Bug #18464
openRUBY_INTERNAL_EVENT_NEWOBJ tracepoint causes an interpreter crash when combined with Ractors
Description
When a Ractor is created whilst a tracepoint for RUBY_INTERNAL_EVENT_NEWOBJ
is active (registered with rb_tracepoint_new
/rb_tracepoint_enabled
), the interpreter crashes with a null pointer dereference with the following backtrace:
[BUG] Segmentation fault at 0x0000000000000000
ruby 3.1.0p0 (2021-12-25 revision fb4df44d16) [x86_64-darwin20]
...
-- C level backtrace information -------------------------------------------
/Users/ktsanaktsidis/Code/zendesk/ruby/ruby(rb_print_backtrace+0xf) [0x10a15fadd] vm_dump.c:759
/Users/ktsanaktsidis/Code/zendesk/ruby/ruby(rb_vm_bugreport) vm_dump.c:1045
/Users/ktsanaktsidis/Code/zendesk/ruby/ruby(rb_vm_bugreport) (null):0
/Users/ktsanaktsidis/Code/zendesk/ruby/ruby(bug_report_end+0x0) [0x109f96b81] error.c:820
/Users/ktsanaktsidis/Code/zendesk/ruby/ruby(rb_bug_for_fatal_signal) error.c:820
/Users/ktsanaktsidis/Code/zendesk/ruby/ruby(sigsegv+0x52) [0x10a0be3a2] signal.c:964
/usr/lib/system/libsystem_platform.dylib(_sigtramp+0x1d) [0x7fff20934d7d]
/Users/ktsanaktsidis/Code/zendesk/ruby/ruby(gc_event_hook_body+0x4) [0x109fb9d21] gc.c:2214
/Users/ktsanaktsidis/Code/zendesk/ruby/ruby(newobj_slowpath) gc.c:2486
/Users/ktsanaktsidis/Code/zendesk/ruby/ruby(newobj_slowpath_wb_unprotected) gc.c:2507
/Users/ktsanaktsidis/Code/zendesk/ruby/ruby(newobj_fill+0x0) [0x109fac92e] gc.c:2543
/Users/ktsanaktsidis/Code/zendesk/ruby/ruby(newobj_of0) gc.c:2553
/Users/ktsanaktsidis/Code/zendesk/ruby/ruby(newobj_of) gc.c:2552
/Users/ktsanaktsidis/Code/zendesk/ruby/ruby(rb_wb_unprotected_newobj_of) gc.c:2567
/Users/ktsanaktsidis/Code/zendesk/ruby/ruby(io_alloc+0x12) [0x109fd341c] io.c:1047
/Users/ktsanaktsidis/Code/zendesk/ruby/ruby(prep_io) io.c:8483
/Users/ktsanaktsidis/Code/zendesk/ruby/ruby(prep_stdio) io.c:8514
/Users/ktsanaktsidis/Code/zendesk/ruby/ruby(rb_io_prep_stdin) io.c:8532
/Users/ktsanaktsidis/Code/zendesk/ruby/ruby(thread_start_func_2+0xf7) [0x10a1058a7] thread.c:802
/Users/ktsanaktsidis/Code/zendesk/ruby/ruby(rb_native_cond_initialize+0x0) [0x10a1055fb] ./thread_pthread.c:1047
/Users/ktsanaktsidis/Code/zendesk/ruby/ruby(register_cached_thread_and_wait) ./thread_pthread.c:1099
/Users/ktsanaktsidis/Code/zendesk/ruby/ruby(thread_start_func_1) ./thread_pthread.c:1054
/usr/lib/system/libsystem_pthread.dylib(_pthread_start+0xe0) [0x7fff208ef8fc]
(full output is attached).
This seems to be because the new Ractor sets up stdio objects (rb_io_prep_stdin
et. al.), which in turn allocate Ruby objects, before rb_ec_initialize_vm_stack
is called to set up the initial stack frame.
I've attached a patch which works around this by not firing GC event hooks if there is no control frame on the execution context.
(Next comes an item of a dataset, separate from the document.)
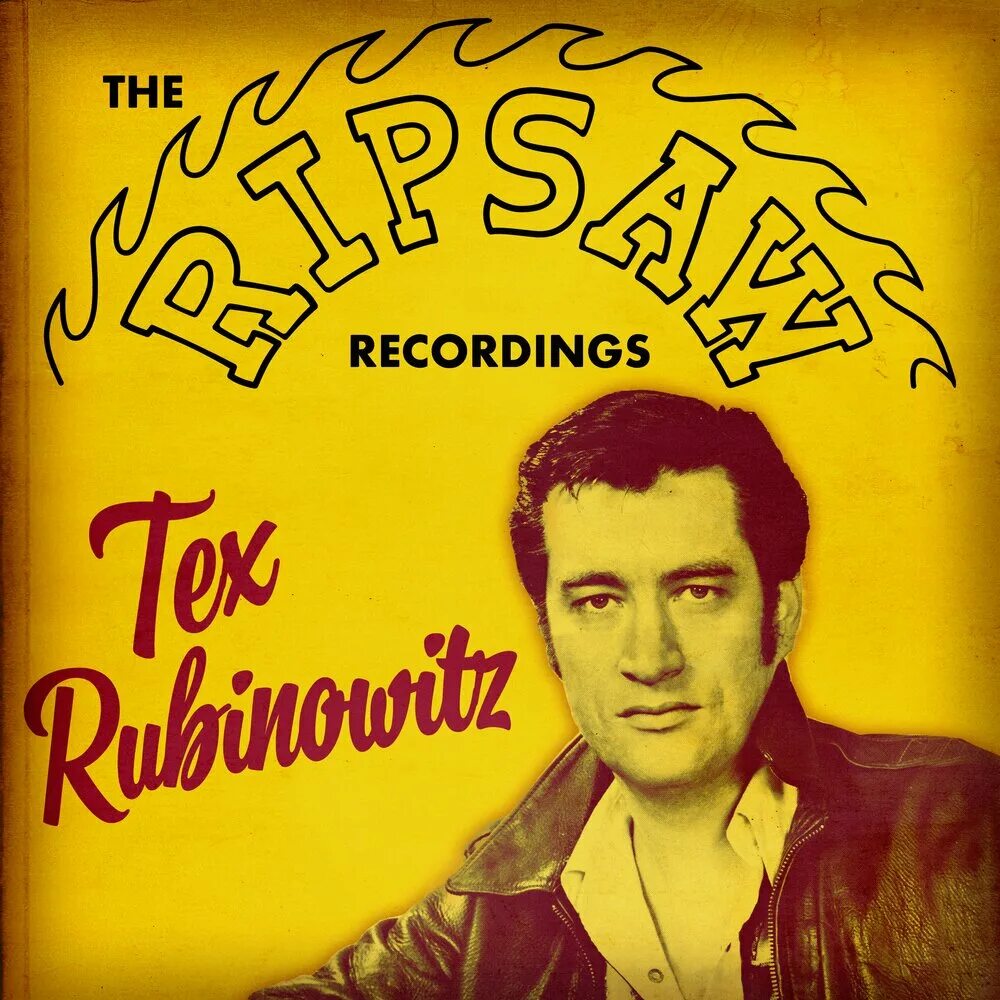 The Ripsaw recordings - Tex Rubinowitz. Right tonight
The patch also includes a test which reproduces the issue using the objspace
extension; creating a Ractor within an ObjectSpace.trace_object_allocations
block is enough to trigger the crash. The patch seems to fix things, but if you folk prefer I can also try swapping around the order of prep_stdio
and rb_ec_initialize_vm_stack
.
Files
Updated by nobu (Nobuyoshi Nakada) 5 months ago
- Assignee set to ko1 (Koichi Sasada)
- Status changed from Open to Assigned
Updated by kjtsanaktsidis (KJ Tsanaktsidis) 14 days ago
Just checked, this is still an issue with 3.2.0-preview1. Is there any feedback on the patch I posted? Any other way you would suggest going about a solution? Thanks!